Compare NN, Decision Tree and Forest
In addition to the Neural network solution I explain in the previous article I also tried other algorithms like Decision Tree and Random Forest.
Algorithm | Accuracy |
Neural Network | 96.63% |
Random Forest | 96.96% |
Decision Tree | 96.76% |
Refined Decision Tree | 97.64% |
Refine decision tree?
One of the conclusions of all my tests with ML from the previous article is the complexity to choose the parameters needed by each model. Hopefully a friend suggests me a solution “GridSearchCV” which allows to test various parameter for an algorithm and find the best ones.
The algorithm I called “refined decision tree” is a decision tree based on the best parameters “GridSearchCv” found.
#Now let s try to refine the Decision tree by trying several parameters
aGridSearchParams = {'max_features': [None, 'sqrt'],'max_depth' : [3, 5, 10, None],'min_samples_leaf': [1, 2, 3, 5, 10],'min_samples_split': [2, 4, 8, 16],'max_leaf_nodes': [10, 20, 50, 100, 500, 1000]} # instantiate the grid aGridSearchResult = GridSearchCV(DecisionTreeClassifier(), aGridSearchParams, cv=5, ) # fit the grid with data aGridSearchResult.fit(atrainDataX, atrainDataY) #let s see how good it is aDecisionTreeRefinedPrediction = aGridSearchResult.best_estimator_.predict(atestDataX)

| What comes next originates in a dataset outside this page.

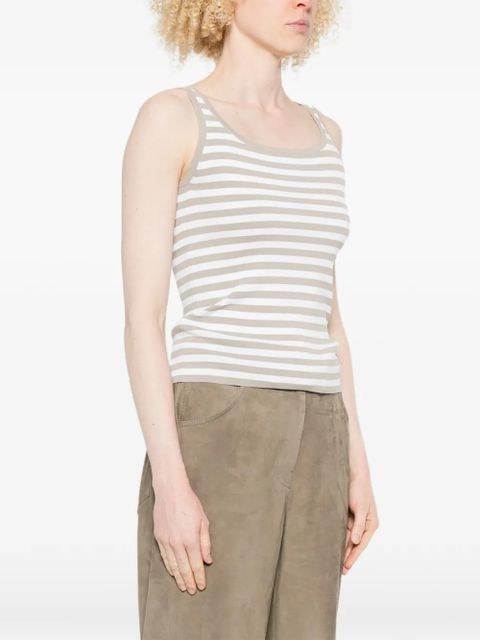 Max Mara Cippo striped top - Neutrals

I used the Neural Network and the “refined decision tree” in the application to compare them and notice that the neural network was slightly better. For example
root - INFO - Checking if group should be refresh by calling ML with: [1, 47, 10, 0]
root - INFO - We found 1 new message and the ML probability were NN: [[0.11245716]], DT[[1. 0.]]

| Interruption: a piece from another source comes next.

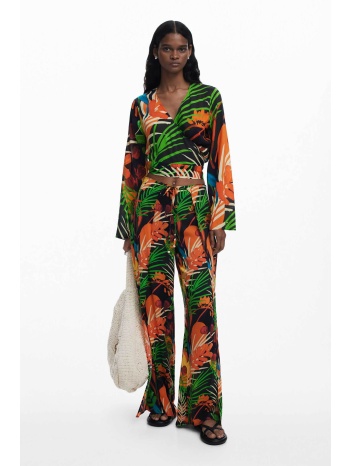 desigual γυναικεία παντελόνα wrap `bahamas pant` - 25swmw01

When trying to predict if a group with characteristics:
- Latest refresh done 1 days ago
- 47 users in the chat room
- Latest message in the group was posted 10 days ago
- 0 messages posted in the last week in the chatroom
The Neural network predict a probability of 11% of new messages while the “refined decision tree” predicted 0% chance. We found new messages in the room leading for a false positive for the “refined decision tree” which we want to avoid at all cast. I just stick to the neural network for now.
Optimizer change on NN
When training the Neural Network, I sometime end up with very poor results. The model seems stuck and always predict the same output:
NN atestDataYPredictedKeras: [0.05339569 0.05339569 0.05339569 ... 0.05339573 0.05339573 0.05339573]
Even if the test case is composed of around 1500 lines.
NN len(atestDataYPredictedKeras): 1484
This happen from time to time and it usually get away if I retrain the model nevertheless it makes the final results very bad if I did not check the training results every time.
Luckily, I’m not the only one in this case 😉 according to this github ticket.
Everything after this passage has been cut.